I really enjoyed the conversation today about AI and Disability. I believe we still need more supports for Disabilities in the health care sector and have much to improve!

David Dyer Lawson | July 22, 2021

Outside of ethical considerations, I wondered if the panelists could discuss the economic advantages to creating inclusive AI? Specifically, it'd be very cool to hear if Microsoft had any data to show how inclusive AI improved corporate ROI/ROE. Since we live in an era of neoliberalism, we can we avoid thinking about economics?

Mitali Karnat | July 22, 2021

Can you talk about accessible AI based 3D scanning applications that can be used by blind and partially sighted individuals?

Jennifer Chadwick | July 22, 2021

You shared great examples of barriers caused by AI. Does We Count have a document sharing specific examples, user feedback, experiences of people with disabilities to understand the depth of the impact?

Alan Harnum | July 22, 2021

Do we need to move beyond the primarily complaint-based and individual rights based enforcement for disabled people impacted or potentially impacted by technology? (cards on the table, I feel the continued retrenchment of exclusion every time there's new technology stems in large part from those predominant models of "resolution")
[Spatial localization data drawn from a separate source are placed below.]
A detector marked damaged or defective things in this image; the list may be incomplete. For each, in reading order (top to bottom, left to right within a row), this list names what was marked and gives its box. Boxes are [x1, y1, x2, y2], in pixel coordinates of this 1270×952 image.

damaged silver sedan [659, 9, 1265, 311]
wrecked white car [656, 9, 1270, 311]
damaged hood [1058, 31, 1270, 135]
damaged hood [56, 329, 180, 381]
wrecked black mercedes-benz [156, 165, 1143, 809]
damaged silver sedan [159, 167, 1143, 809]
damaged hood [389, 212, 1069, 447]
Margot Whitfield | July 22, 2021

Can AI critique be used to help us see our basis or be used to help employers realize their bias? Are there examples of this? Is there a way to access an AI error/bias (say for example in the case of hiring) for the case of an individual so they could advocate for getting a chance for an interview? Maybe people who use AI in their applications would need to input their assumptions publicly on their products/services as a way for individuals to critique these assumptions... Would this be an important issue to advocate for?

Merve Hickok | July 22, 2021

I am an AI ethicist (former senior HR practitioner and HR Tech sme). Everything you said is crucial in the employment context. I am also concerned that these practices will lock certain people 'permamently' out of certain industries / positions / companies as these tools become more prevalent. If AI systems are designed to have systems to ensure all outcomes are in compliance with 4/5ths rule, it gives no space to challenge these systems legally

Susan Till | July 22, 2021

What do you think of gathering personal data (related to disability, race, and other aspects of diversity) via a survey on a business's website to collect info about its users? Assume that users would be fully informed on how this data would be used.
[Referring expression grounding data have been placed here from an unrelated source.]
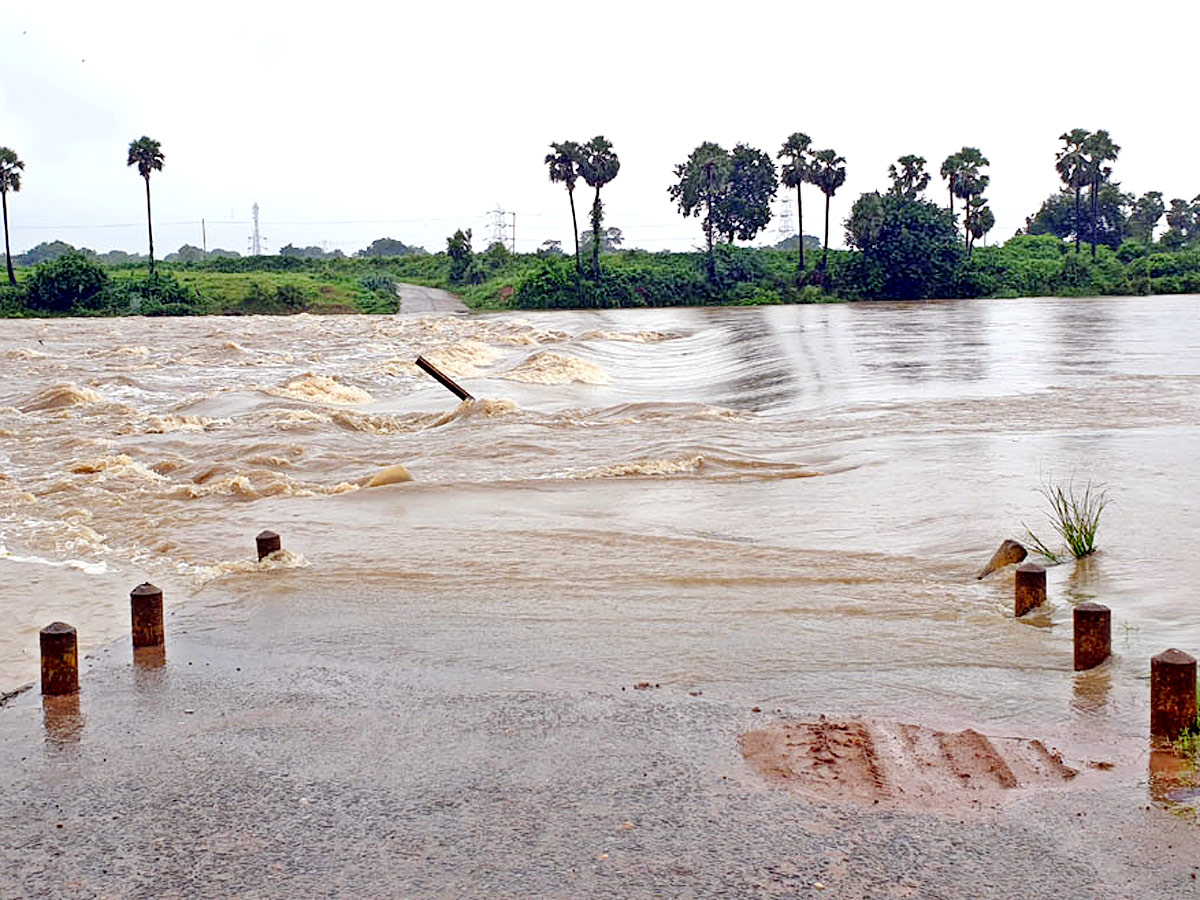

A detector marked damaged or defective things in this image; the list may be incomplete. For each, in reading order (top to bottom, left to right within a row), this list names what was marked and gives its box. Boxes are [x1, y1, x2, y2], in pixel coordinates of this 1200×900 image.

rusty bollard [254, 532, 280, 560]
rusty bollard [39, 624, 79, 700]
rusty bollard [130, 584, 164, 648]
rusty bollard [1012, 564, 1040, 620]
rusty bollard [1072, 600, 1112, 672]
rusty bollard [1152, 652, 1192, 740] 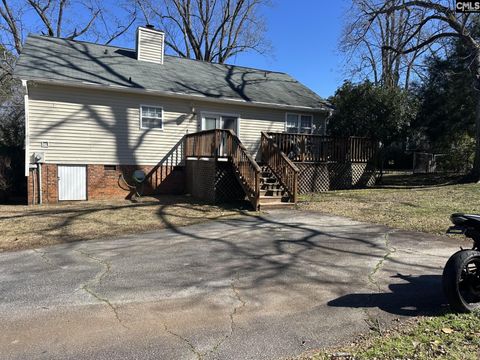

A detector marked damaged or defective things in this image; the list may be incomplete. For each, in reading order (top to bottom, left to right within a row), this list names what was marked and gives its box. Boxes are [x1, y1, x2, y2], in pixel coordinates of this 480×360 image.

cracked asphalt [0, 210, 464, 358] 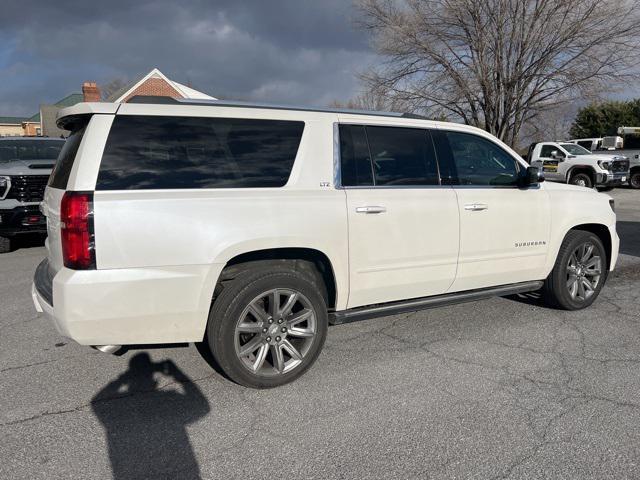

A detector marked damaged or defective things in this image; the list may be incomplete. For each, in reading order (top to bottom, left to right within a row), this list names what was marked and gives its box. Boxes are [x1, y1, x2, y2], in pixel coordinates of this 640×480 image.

cracked pavement [1, 189, 640, 478]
Monica Tsang | July 22, 2021

How do data collectin platforms/ coops garner trust from the PWD community? How do we ensure that the PWD population can get a voice in the development of ML/AI platforms in large companies? These platforms are hugely impactful our lives, however we seem to have no say when harm is being done. Besides differential privacy, are there other data techniques to protect PWD who are sharing their data for greater good?